**WHAT NEEDS TO BE DONE**. For the records below, output word for word the lines from the one with "a round rug" up to and including the one with "Gray textured rug on wooden floor". No pictures.

Top of RECORDS FOR PROCESSING

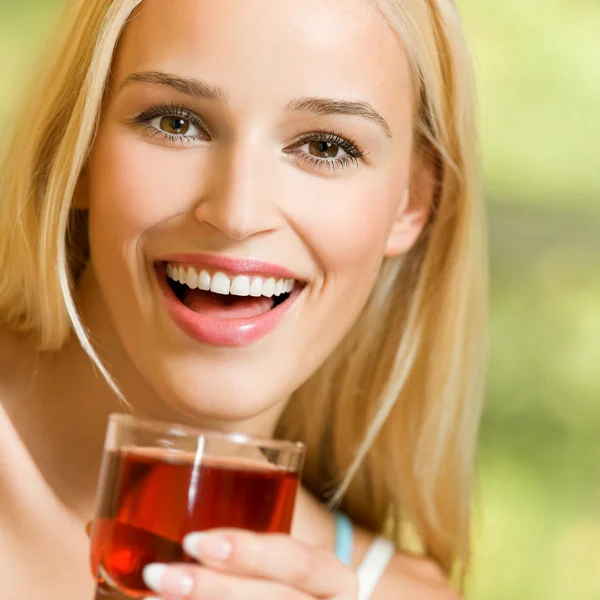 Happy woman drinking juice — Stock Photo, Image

Bottom of RECORDS FOR PROCESSING
Top of RECORDS FOR PROCESSING

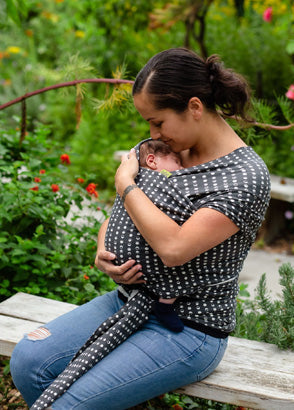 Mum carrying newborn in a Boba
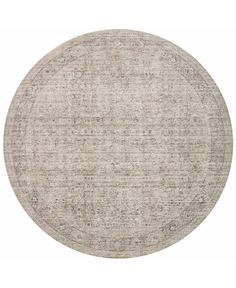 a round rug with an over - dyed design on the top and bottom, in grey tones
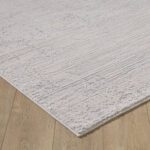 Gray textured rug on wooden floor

Bottom of RECORDS FOR PROCESSING
Top of RECORDS FOR PROCESSING

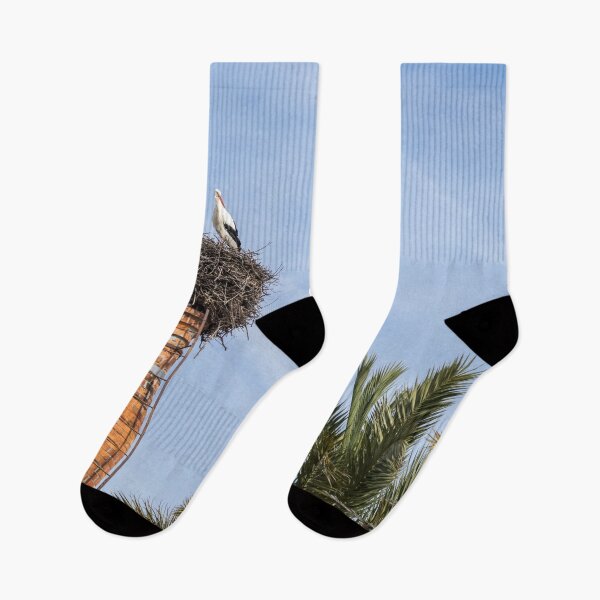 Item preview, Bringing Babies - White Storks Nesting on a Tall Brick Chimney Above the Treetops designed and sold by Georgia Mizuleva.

Bottom of RECORDS FOR PROCESSING

**ANSWER TO THE EXERCISE**.
 a round rug with an over - dyed design on the top and bottom, in grey tones
 Gray textured rug on wooden floor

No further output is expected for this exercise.